Brexit’s forgotten fifth birthday

Five years on from the UK’s withdrawal from the EU, nobody wants to mark the occasion. For the victors, it was too disastrous; for the losers, it is too painful

January 29, 2025
The British flag is lowered outside the European parliament in Brussels, 2020. Image: Imago / Alamy
The British flag is lowered outside the European parliament in Brussels, 2020. Image: Imago / Alamy

No one much wants to mark the fifth anniversary of Brexit this week, despite the event’s seismic significance. For the victors, it was too disastrous; for the losers, it is too painful.

It is not just the economic turbulence of the last five years which makes it hard for the “leave” camp to celebrate any “Brexit benefits”. Far worse for them is the surge in immigration, which is the precise opposite of what almost all Brexiteers said should and would happen after we “took back control”.

Nigel Farage may have won the 2016 referendum, but he never had to take responsibility for its consequences. He was always going to campaign against any Tory Brexit deal as a betrayal. But the immigration surge, caused largely by Boris Johnson’s decision to make visas freely available to low-skilled migrant workers, is an added bonus. There are virtually no Tories prepared to defend the increase in non-EU immigration, and Farage can now attack the Brexit deal without having to talk about the economy.

We thus have the spectacle of Farage and new Tory leader Kemi Badenoch, united in condemning the Tory failure to curb immigration after Brexit—both legal immigration and the “small boats” crisis of tens of thousands of “illegal” migrants who have been crossing the Channel each year. With Reform UK surging in the polls and Farage now an MP (and maybe the best-known politician in the country), “Brexit betrayal” has become the dominant narrative among the Brexiteers themselves.

As for the opponents of Brexit, they are demoralised and disunited. Demoralised by defeat, and disunited over what to do about it.

A large chunk of the former “remain” camp, notably the Labour leadership under Keir Starmer, decided not only to accept the irreversibility of Brexit, but to pledge against any move to re-enter the customs union and single market, which would have been possible as a half-way house. They don’t want to highlight Brexit as a cause of the UK’s economic weakness, despite the urgency of their quest for economic growth.

Even among those who want to see a big step back towards the EU, there is a sense of wariness and exhaustion about reigniting the Brexit campaign.

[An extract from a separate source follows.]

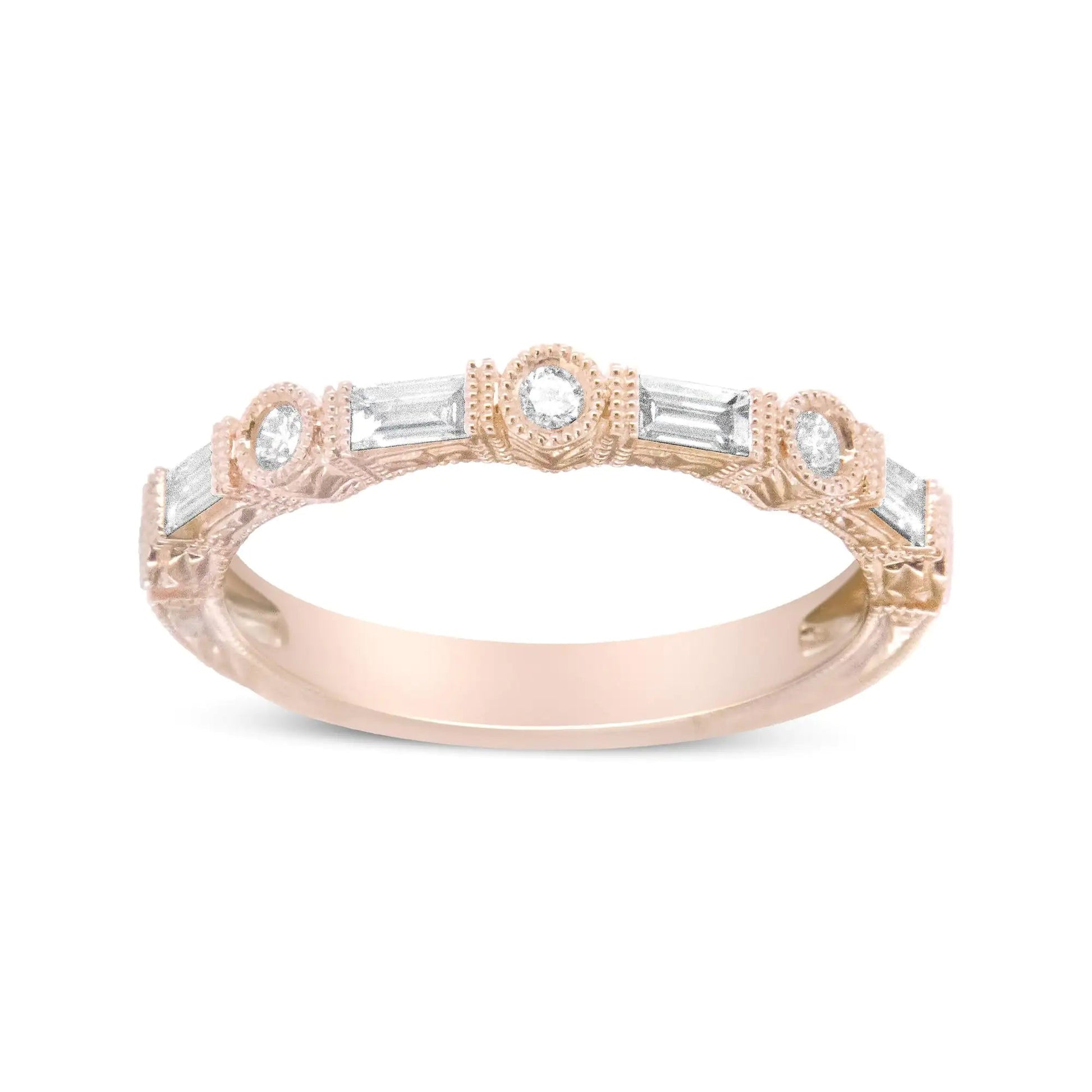 14K Rose Gold 3/8 Cttw Baguette and Round Diamond Bridal Band - (H-I Color, VS1-VS2 Clarity) WEM Support (www.WEM.support)
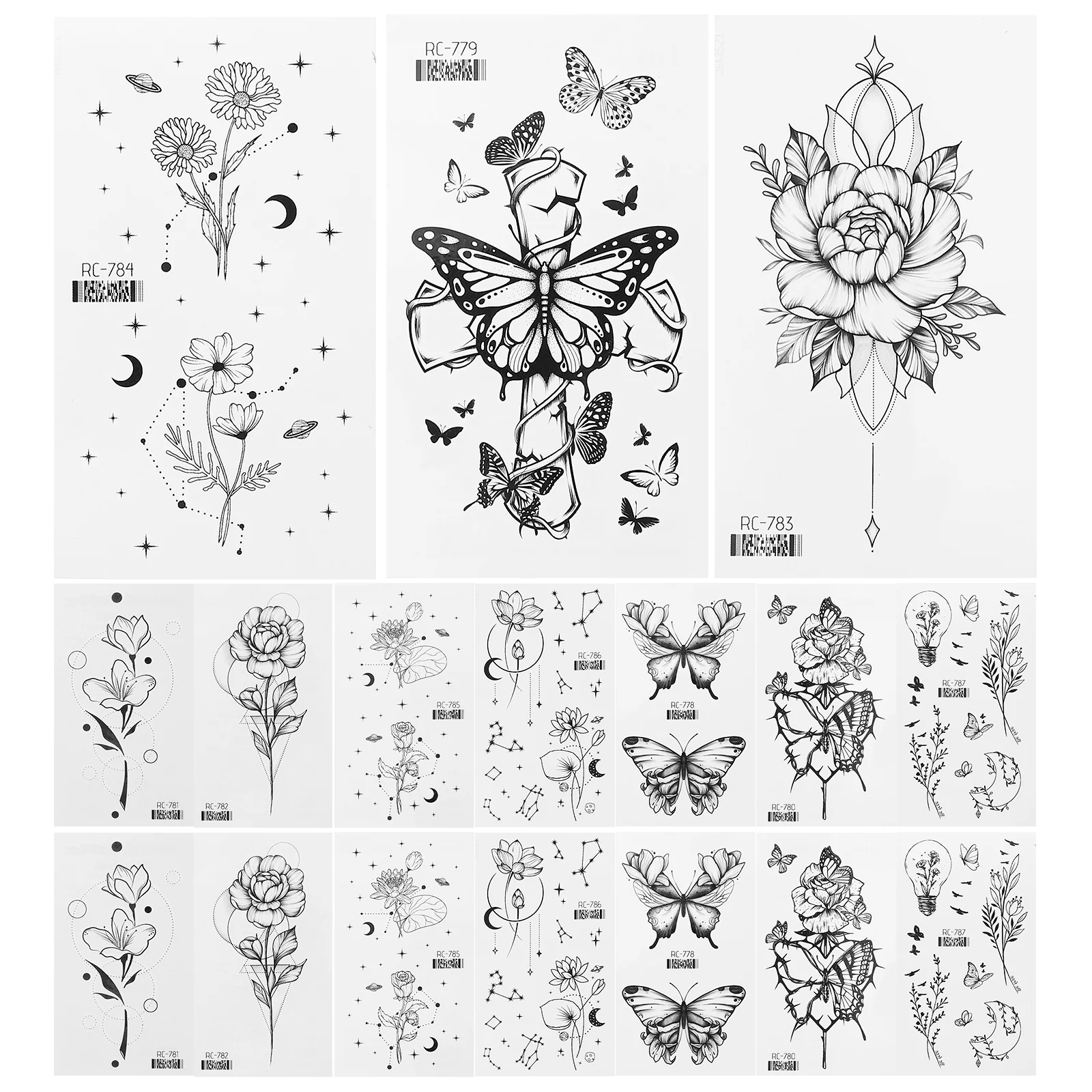 

20 Pcs Girl Temporary Tattoos Butterfly Decorate Sticker Women Transfer Stickers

There is the war in Ukraine, which is this century’s biggest crisis in Europe. Not only is Putin’s invasion of Ukraine far greater in its implications for European security and prosperity than Brexit, but it isn’t much affected by Brexit either. The UK continues to be a stalwart member of Nato, which so far has been the principal mechanism for rallying the west to Ukraine’s side.

It is fateful that the fifth anniversary of Brexit comes at the start of Trump’s second term. Before long, if Trump abandons Ukraine or starts a tariff trade war with Britain or the EU (or both), the UK may be forced by conditions of crisis to revisit Brexit. But for the immediate future, Starmer is united with Farage in talking up the “special relationship” with the US, and our distinctiveness from the rest of Europe. We pray for the best of both worlds.